Hora D. Mishra, a Ph.D. student, and faculty member Xinyu Dai are lead authors of the paper, along with Christopher Kochanek and Kris Stanek at the Ohio State University and Ben Shappee at the University of Hawaii. The paper represents the findings of researchers from 12 different institutions who participated in a two-year collaborative project involving the collection of spectra or imaging data in different electromagnetic bands. The OU team led the effort in analyzing all the data collected from the collaboration and contributed primarily on the interpretation of the analysis results, assisted by OU graduate student Saloni Bhatiani and undergraduate students Cora DeFrancesco and John Cox who performed ancillary analyses to the project.

Blazars, explains Mishra, who also serves as president of Lunar Sooners, appear as parallel rays of light or particles, or jets, pointing to observers and radiating across all wavelengths of the electromagnetic spectrum. These jets span distances on the million light-year scales and are known to impact the evolution of the galaxy and galaxy cluster in which they reside via the radiation. These features make blazars ideal environments in which to study the physics of jets and their role in galaxy evolution.
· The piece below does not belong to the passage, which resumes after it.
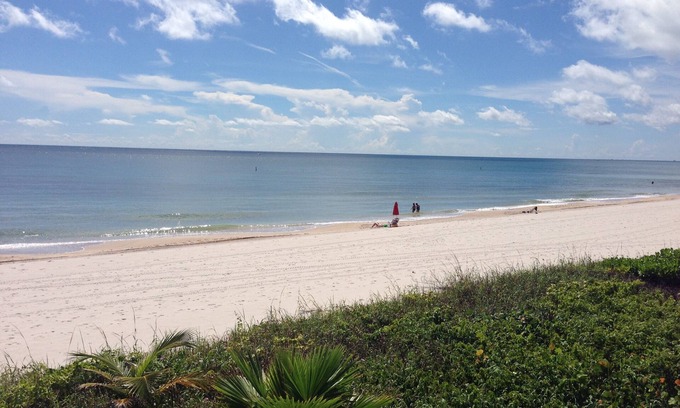 Lauderdale-by-the-Sea Apartamento | Lauderdale By The Sea frente a la playa Estudio con vista al mar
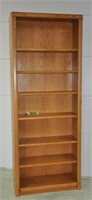 Modern OAK bookcase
“Blazars are a unique kind of AGN with very powerful jets,” she said. “Jets are a radio mode of feedback and because of their scales, they penetrate the galaxy into their large-scale environment. The origin of these jets and processes driving the radiation are not well-known. Thus, studying blazars allows us to understand these jets better and how they are connected to other components of the AGN, like the accretion disk. These jets can heat up and displace gas in their environment affecting, for example, the star formation in the galaxy.”

The team’s paper highlights the results of a campaign to investigate the evolution of a blazar known as B2 1420+32. At the end of 2017, this blazar exhibited a huge optical flare, a phenomenon captured by the All Sky Automated Survey for SuperNovae telescope network.

“We followed this up by observing the evolution of its spectrum and light curve over the next two years and also retrieved archival data available for this object,” Mishra said. “The campaign, with data spanning over a decade, has yielded some most exciting results. We see dramatic variability in the spectrum and multiple transformations between the two blazar sub-classes for the first time for a blazar, thus giving it the name ‘changing-look’ blazar.”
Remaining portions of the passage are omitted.